• [Exercise requirements] Retyping the records exactly is the whole task.

(Stored records)
■ ■ ■ ■ ■ ■ ■

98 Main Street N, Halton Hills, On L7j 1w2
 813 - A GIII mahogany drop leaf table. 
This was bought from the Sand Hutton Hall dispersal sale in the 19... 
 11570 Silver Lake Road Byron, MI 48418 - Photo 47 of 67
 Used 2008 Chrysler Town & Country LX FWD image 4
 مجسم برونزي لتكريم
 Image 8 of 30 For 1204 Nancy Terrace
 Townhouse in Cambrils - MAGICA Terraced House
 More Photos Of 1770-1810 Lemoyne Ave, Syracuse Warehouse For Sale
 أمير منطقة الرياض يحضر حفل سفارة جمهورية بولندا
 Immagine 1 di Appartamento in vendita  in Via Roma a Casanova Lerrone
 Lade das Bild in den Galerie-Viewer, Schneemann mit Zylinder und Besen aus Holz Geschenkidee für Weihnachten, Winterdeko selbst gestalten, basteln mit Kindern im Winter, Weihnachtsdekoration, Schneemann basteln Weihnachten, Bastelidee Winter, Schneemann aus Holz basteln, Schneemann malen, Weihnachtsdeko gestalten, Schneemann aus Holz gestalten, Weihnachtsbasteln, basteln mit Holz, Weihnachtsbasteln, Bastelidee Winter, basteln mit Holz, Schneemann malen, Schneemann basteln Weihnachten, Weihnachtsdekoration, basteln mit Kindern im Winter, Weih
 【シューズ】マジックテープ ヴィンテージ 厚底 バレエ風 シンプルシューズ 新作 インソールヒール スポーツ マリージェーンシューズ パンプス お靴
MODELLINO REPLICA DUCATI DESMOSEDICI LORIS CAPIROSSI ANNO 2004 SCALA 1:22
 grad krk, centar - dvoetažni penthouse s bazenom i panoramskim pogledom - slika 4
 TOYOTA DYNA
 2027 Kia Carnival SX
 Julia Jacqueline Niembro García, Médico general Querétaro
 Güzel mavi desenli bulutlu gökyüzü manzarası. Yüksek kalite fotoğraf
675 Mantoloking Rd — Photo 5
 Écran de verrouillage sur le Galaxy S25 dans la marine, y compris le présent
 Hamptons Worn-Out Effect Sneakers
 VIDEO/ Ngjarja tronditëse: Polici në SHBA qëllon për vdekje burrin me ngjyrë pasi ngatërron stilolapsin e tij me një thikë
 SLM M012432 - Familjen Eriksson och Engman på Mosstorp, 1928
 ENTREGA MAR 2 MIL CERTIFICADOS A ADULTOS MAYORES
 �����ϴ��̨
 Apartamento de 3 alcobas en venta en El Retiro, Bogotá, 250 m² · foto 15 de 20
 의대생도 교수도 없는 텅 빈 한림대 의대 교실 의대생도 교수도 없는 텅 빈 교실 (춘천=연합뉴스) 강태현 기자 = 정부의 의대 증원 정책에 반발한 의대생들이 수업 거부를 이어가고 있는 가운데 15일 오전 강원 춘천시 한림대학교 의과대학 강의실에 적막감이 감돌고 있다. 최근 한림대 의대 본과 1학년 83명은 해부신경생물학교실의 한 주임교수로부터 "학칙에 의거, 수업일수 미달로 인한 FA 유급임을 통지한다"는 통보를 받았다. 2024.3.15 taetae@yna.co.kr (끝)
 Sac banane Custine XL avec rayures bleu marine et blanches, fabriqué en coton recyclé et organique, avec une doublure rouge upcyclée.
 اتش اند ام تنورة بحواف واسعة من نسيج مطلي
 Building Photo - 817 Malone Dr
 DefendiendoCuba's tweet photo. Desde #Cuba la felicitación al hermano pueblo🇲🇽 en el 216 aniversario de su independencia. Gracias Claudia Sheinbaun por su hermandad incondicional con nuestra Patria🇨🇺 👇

■ ■ ■ ■ ■ ■ ■

• [Output below]
98 Main Street N, Halton Hills, On L7j 1w2
 813 - A GIII mahogany drop leaf table. 
This was bought from the Sand Hutton Hall dispersal sale in the 19... 
 11570 Silver Lake Road Byron, MI 48418 - Photo 47 of 67
 Used 2008 Chrysler Town & Country LX FWD image 4
 مجسم برونزي لتكريم
 Image 8 of 30 For 1204 Nancy Terrace
 Townhouse in Cambrils - MAGICA Terraced House
 More Photos Of 1770-1810 Lemoyne Ave, Syracuse Warehouse For Sale
 أمير منطقة الرياض يحضر حفل سفارة جمهورية بولندا
 Immagine 1 di Appartamento in vendita  in Via Roma a Casanova Lerrone
 Lade das Bild in den Galerie-Viewer, Schneemann mit Zylinder und Besen aus Holz Geschenkidee für Weihnachten, Winterdeko selbst gestalten, basteln mit Kindern im Winter, Weihnachtsdekoration, Schneemann basteln Weihnachten, Bastelidee Winter, Schneemann aus Holz basteln, Schneemann malen, Weihnachtsdeko gestalten, Schneemann aus Holz gestalten, Weihnachtsbasteln, basteln mit Holz, Weihnachtsbasteln, Bastelidee Winter, basteln mit Holz, Schneemann malen, Schneemann basteln Weihnachten, Weihnachtsdekoration, basteln mit Kindern im Winter, Weih
 【シューズ】マジックテープ ヴィンテージ 厚底 バレエ風 シンプルシューズ 新作 インソールヒール スポーツ マリージェーンシューズ パンプス お靴
MODELLINO REPLICA DUCATI DESMOSEDICI LORIS CAPIROSSI ANNO 2004 SCALA 1:22
 grad krk, centar - dvoetažni penthouse s bazenom i panoramskim pogledom - slika 4
 TOYOTA DYNA
 2027 Kia Carnival SX
 Julia Jacqueline Niembro García, Médico general Querétaro
 Güzel mavi desenli bulutlu gökyüzü manzarası. Yüksek kalite fotoğraf
675 Mantoloking Rd — Photo 5
 Écran de verrouillage sur le Galaxy S25 dans la marine, y compris le présent
 Hamptons Worn-Out Effect Sneakers
 VIDEO/ Ngjarja tronditëse: Polici në SHBA qëllon për vdekje burrin me ngjyrë pasi ngatërron stilolapsin e tij me një thikë
 SLM M012432 - Familjen Eriksson och Engman på Mosstorp, 1928
 ENTREGA MAR 2 MIL CERTIFICADOS A ADULTOS MAYORES
 �����ϴ��̨
 Apartamento de 3 alcobas en venta en El Retiro, Bogotá, 250 m² · foto 15 de 20
 의대생도 교수도 없는 텅 빈 한림대 의대 교실 의대생도 교수도 없는 텅 빈 교실 (춘천=연합뉴스) 강태현 기자 = 정부의 의대 증원 정책에 반발한 의대생들이 수업 거부를 이어가고 있는 가운데 15일 오전 강원 춘천시 한림대학교 의과대학 강의실에 적막감이 감돌고 있다. 최근 한림대 의대 본과 1학년 83명은 해부신경생물학교실의 한 주임교수로부터 "학칙에 의거, 수업일수 미달로 인한 FA 유급임을 통지한다"는 통보를 받았다. 2024.3.15 taetae@yna.co.kr (끝)
 Sac banane Custine XL avec rayures bleu marine et blanches, fabriqué en coton recyclé et organique, avec une doublure rouge upcyclée.
 اتش اند ام تنورة بحواف واسعة من نسيج مطلي
 Building Photo - 817 Malone Dr
 DefendiendoCuba's tweet photo. Desde #Cuba la felicitación al hermano pueblo🇲🇽 en el 216 aniversario de su independencia. Gracias Claudia Sheinbaun por su hermandad incondicional con nuestra Patria🇨🇺 👇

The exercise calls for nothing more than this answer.